Better than brute force is using a model of your instruction set (x86 start here [1]), then using something like Z3 [] to find solutions. Here's a paper doing the same [2]. With these approaches you can get vastly bigger pieces of code generated than brute force, and with significantly less hand heuristic tuning effort (which likely still loses out to current solvers).
If you are familiar with that paper, I'm a little confused by the results section. If I'm reading p01 from figure 7 correctly, the "before" is x&(x-1) and the "after" is a single instruction x&(x<<1). What am I doing wrong?
(The other two wins listed are "recognize the Hacker's Delight trick and replace it with the straight-forward implementation a human would write", which I like.)
Happy to see this! Superoptimizers are one of my all time favorite topics.
My favorite trick when cutting down the search space of possible programs is to generate DAGs directly instead of an instruction sequence. This way, it's easier to write rules that avoid nonsensical programs and to some extent avoid generating multiple equivalent programs.
For example to avoid programs that overwrite calculations you make sure that each node in the generated DAG has something that depends on it.
In a suitable environment the DAG can then be executed directly without lowering to a sequence of instructions.
This sounds a little bit like representing boolean functions as binary decision diagrams -- although for a superoptimizer presumably each node in the DAG would correspond to an instruction from the target instruction set, which might do something rather complicated, not just a primitive logical operation between a few bits.
(i first read about BDDs in Knuth's, "The Art of Computer Programming", Volume 4, Fascicle 1, then spent an enjoyable few weeks going down a rabbit hole of building a boolean function to decide if an input 2d grid of bits was a maze or not, then uniformly sampling mazes from it...)
The 1987 paper about superoptimizers is well worth the read, BTW. It's quite short. Even the first example on its own (writing the sign function without any conditionals) is a mind-bender but becomes straightforward once you see the trick used: https://courses.cs.washington.edu/courses/cse501/15sp/papers...
By 'those optimisations' I assume you mean the specific rewrites, not superoptimisation? There has been some interesting recent work in rewrite inference, e.g. ruler. (I recall one such project did a survey and found that many—possibly a majority—of the rewrites it had generated automatically were not present in the hand-written corpuses of gcc and clang. I'm not sure if there was subsequent work to supplement gcc and clang; this was a few years ago now; I think they were looking at gcc 7.)
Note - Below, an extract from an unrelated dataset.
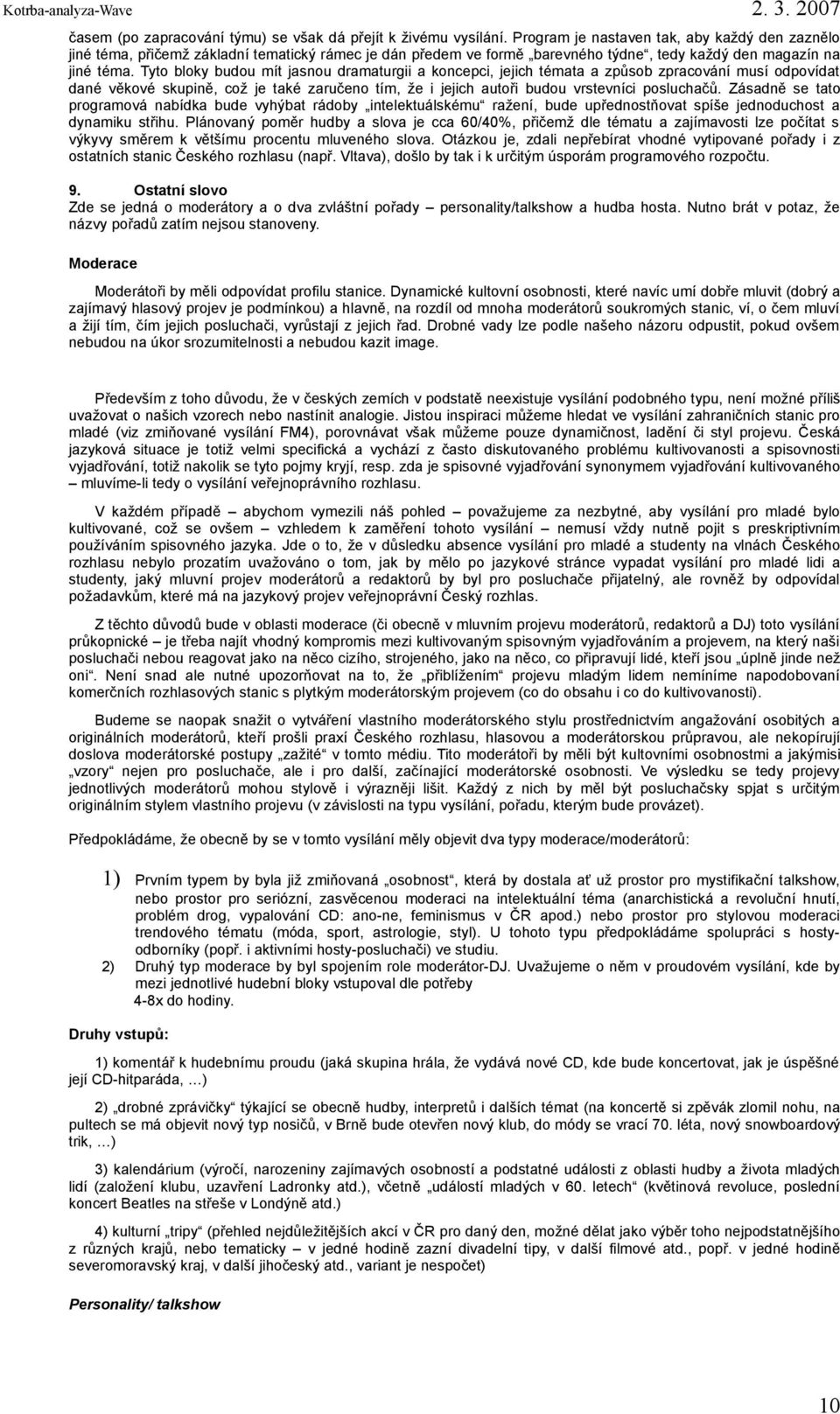 Tyto bloky budou mít jasnou dramaturgii a koncepci, jejich témata a způsob zpracování musí odpovídat dané věkové skupině, což je také zaručeno tím, že i jejich autoři budou vrstevníci posluchačů.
It's a shame it's a bit hard to actually build these days. Its target is people working on compilers, not end users. But there are some odd cases where I'd really like to use it myself, like trying to get speedup in llama.cpp.
One can now compile against cuBLAS and other GPU libraries to help take some of the load, but the core of the project is indeed to run on the CPU and do all of the work without dependencies.
Jetbrains was hiring mathematicians working on homotopy type theory to do something similar if I recall correctly. The idea is that HTT can be used to generate equivalent programs to that which is in your buffer and do something like superoptimization. Maybe I am hallucinating.
Is superoptimization related to supercompilation, or are these unrelated compiler optimization techniques? From what I have read, it seems like Turchin [1] et al. are trying to prove equality using some sort of algebraic rewriting system (i.e., the "intensional" approach), whereas superoptimization uses an extensional technique to first try proving disequality by testing on a small set of inputs, then applies formal verification to the remaining candidates.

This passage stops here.